#### [Activity]
Count up the lines below that include the string "Park" and report the number by itself.

[Short web captions]
───
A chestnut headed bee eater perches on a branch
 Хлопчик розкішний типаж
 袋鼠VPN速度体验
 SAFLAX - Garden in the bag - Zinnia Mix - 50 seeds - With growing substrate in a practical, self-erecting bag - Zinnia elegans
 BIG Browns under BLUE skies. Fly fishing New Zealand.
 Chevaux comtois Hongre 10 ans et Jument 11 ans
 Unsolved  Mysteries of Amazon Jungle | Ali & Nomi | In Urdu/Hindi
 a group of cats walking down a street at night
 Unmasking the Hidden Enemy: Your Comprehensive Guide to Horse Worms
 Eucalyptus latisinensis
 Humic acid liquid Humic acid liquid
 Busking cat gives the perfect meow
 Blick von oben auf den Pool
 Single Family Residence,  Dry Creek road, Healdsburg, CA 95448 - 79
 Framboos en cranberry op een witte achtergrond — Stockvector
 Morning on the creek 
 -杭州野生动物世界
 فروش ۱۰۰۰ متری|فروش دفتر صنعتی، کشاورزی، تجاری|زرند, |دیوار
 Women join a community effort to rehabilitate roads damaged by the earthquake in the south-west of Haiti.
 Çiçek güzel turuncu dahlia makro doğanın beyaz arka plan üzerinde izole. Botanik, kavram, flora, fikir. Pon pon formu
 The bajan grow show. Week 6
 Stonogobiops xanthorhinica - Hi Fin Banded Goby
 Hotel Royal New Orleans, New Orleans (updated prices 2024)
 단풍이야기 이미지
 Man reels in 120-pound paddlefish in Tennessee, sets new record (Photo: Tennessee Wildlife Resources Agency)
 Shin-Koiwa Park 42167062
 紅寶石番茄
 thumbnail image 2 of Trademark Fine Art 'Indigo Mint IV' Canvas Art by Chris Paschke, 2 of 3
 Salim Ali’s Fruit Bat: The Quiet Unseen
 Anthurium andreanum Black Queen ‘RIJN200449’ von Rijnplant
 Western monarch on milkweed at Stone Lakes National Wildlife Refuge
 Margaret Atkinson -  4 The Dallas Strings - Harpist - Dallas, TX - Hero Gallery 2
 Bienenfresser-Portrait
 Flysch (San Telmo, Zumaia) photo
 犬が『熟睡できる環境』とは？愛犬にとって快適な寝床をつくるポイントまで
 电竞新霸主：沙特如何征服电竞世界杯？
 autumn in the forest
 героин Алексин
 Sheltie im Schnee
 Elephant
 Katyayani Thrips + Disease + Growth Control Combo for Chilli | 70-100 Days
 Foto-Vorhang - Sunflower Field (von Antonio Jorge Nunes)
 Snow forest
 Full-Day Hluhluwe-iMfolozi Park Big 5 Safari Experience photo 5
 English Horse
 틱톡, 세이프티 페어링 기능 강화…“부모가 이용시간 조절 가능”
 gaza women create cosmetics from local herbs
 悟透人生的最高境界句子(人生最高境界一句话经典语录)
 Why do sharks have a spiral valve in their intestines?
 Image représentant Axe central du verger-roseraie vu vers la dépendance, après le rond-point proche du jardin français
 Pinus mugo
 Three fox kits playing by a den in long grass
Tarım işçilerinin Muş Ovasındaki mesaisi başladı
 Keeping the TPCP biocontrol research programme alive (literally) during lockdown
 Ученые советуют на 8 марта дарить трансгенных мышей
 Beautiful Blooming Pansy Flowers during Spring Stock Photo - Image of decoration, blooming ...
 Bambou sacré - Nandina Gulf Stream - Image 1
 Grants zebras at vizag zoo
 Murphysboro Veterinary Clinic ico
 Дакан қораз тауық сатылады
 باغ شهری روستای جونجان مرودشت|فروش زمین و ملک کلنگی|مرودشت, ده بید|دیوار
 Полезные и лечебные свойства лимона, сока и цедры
───
#### [Output of the task]
2